Supplied data
....................
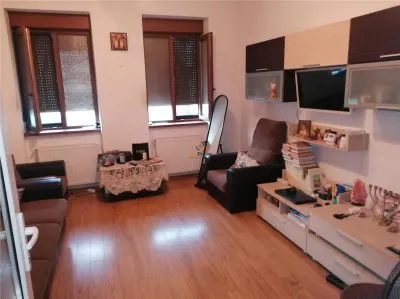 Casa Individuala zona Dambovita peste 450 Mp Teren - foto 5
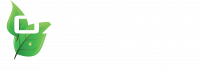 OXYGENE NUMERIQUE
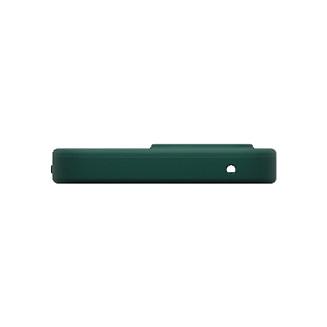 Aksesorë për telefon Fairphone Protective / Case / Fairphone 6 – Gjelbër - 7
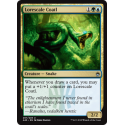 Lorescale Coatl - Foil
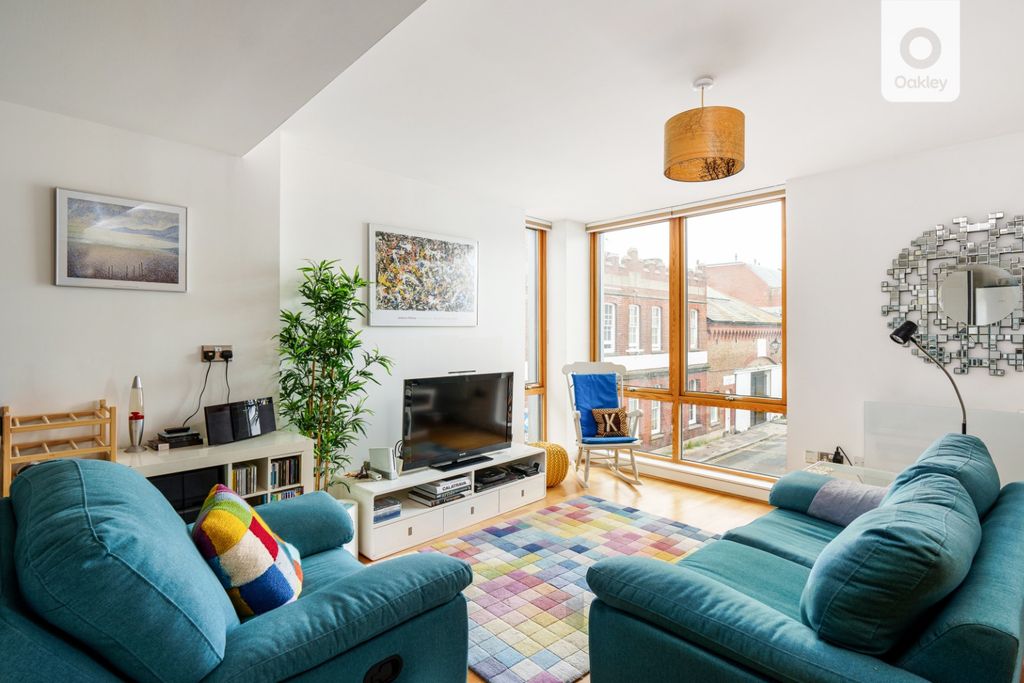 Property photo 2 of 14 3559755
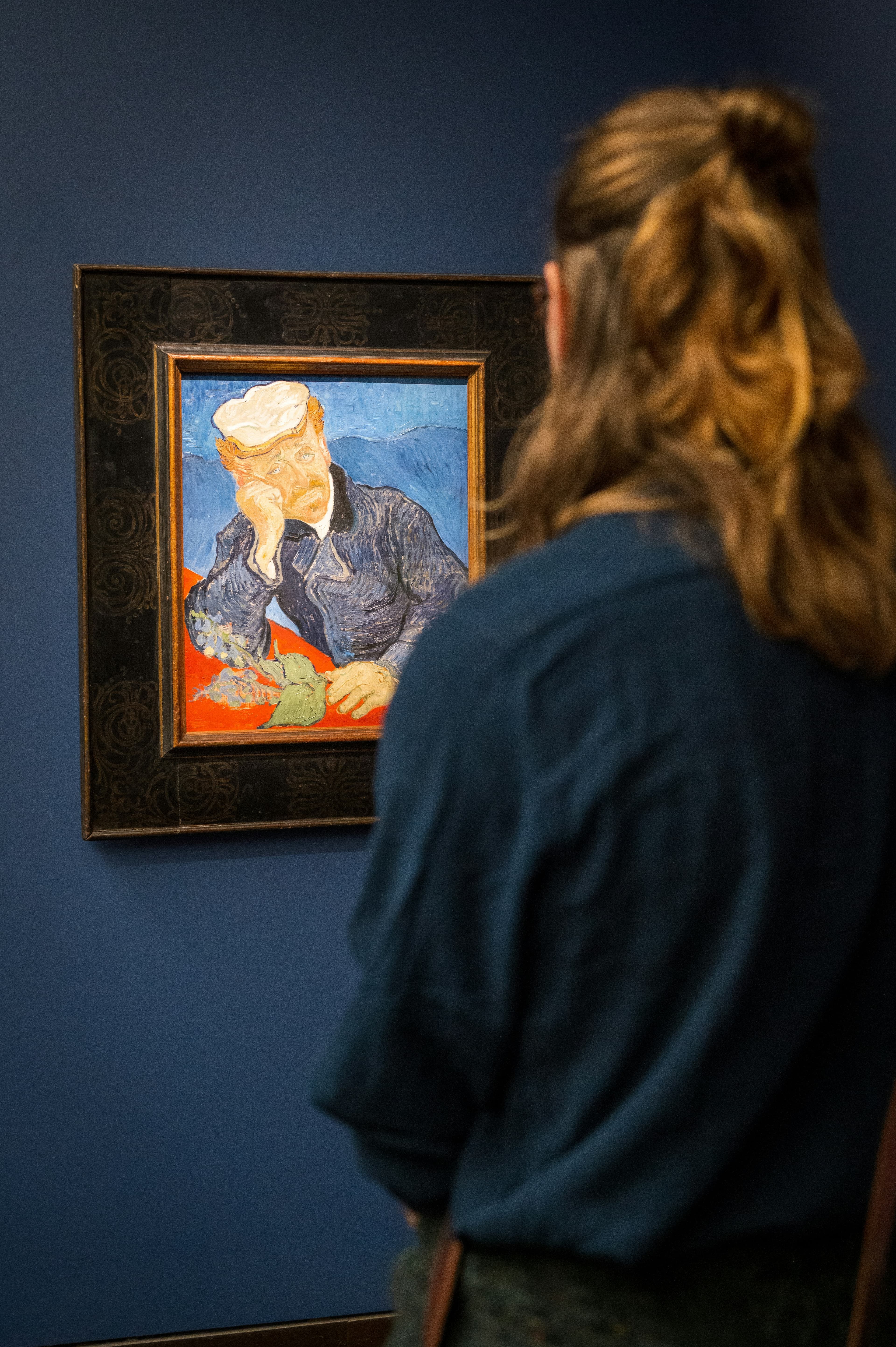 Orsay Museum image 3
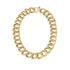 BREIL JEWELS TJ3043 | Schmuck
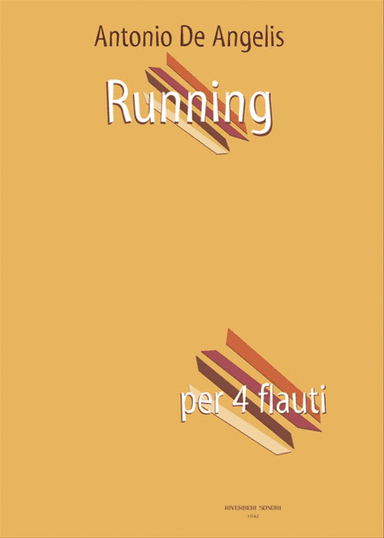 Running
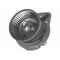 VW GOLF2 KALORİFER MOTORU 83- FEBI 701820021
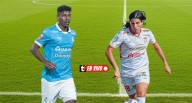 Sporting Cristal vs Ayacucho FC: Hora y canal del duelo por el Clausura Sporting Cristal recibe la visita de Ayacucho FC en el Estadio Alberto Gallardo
....................
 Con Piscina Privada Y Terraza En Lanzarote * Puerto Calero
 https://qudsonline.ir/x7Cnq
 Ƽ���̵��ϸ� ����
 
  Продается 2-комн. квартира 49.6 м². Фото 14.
....................
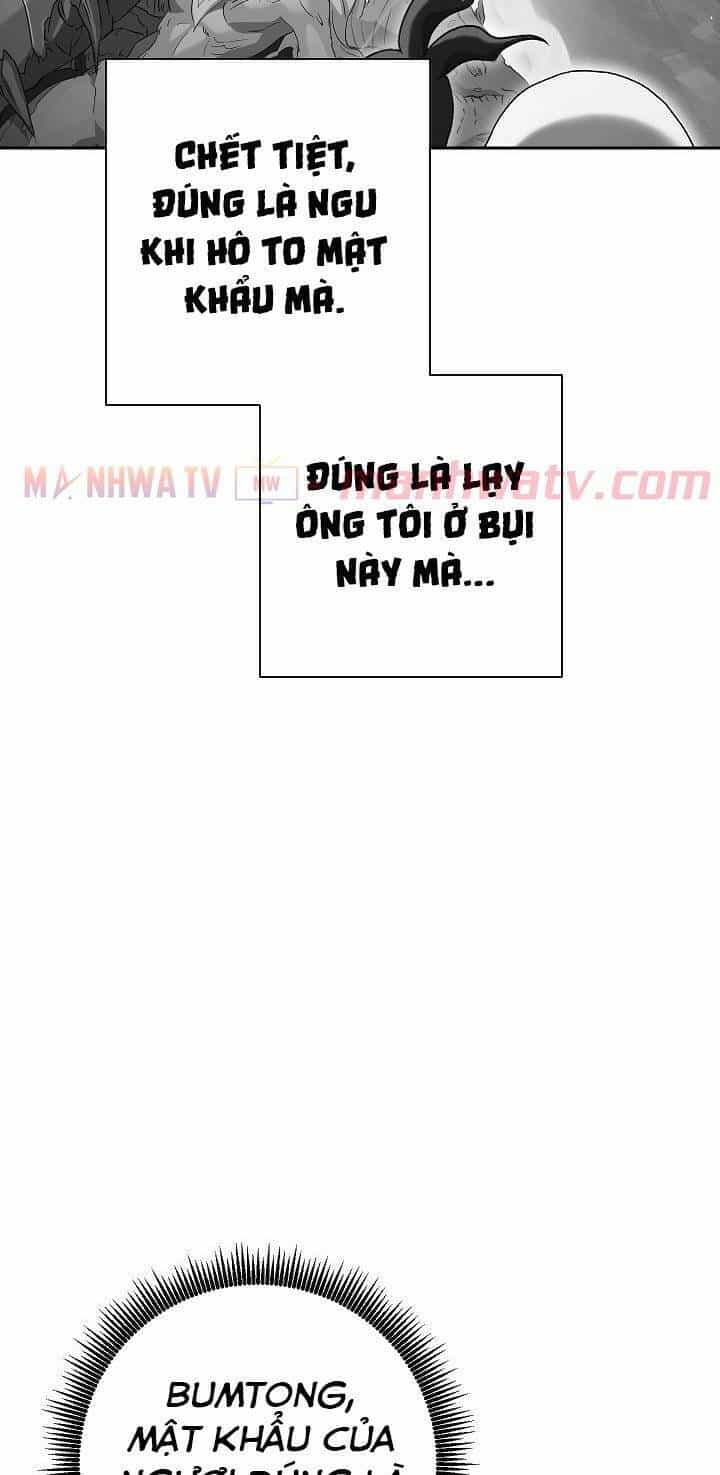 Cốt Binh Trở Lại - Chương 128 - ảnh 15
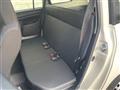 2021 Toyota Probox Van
....................
What the task requires
Every line from the one with "Cốt Binh Trở Lại - Chương 128 - ảnh 15" through the one with "2021 Toyota Probox Van" is to be reproduced exactly as written above, and the pictures are to be dropped.

Solution to this task
 Cốt Binh Trở Lại - Chương 128 - ảnh 15
 2021 Toyota Probox Van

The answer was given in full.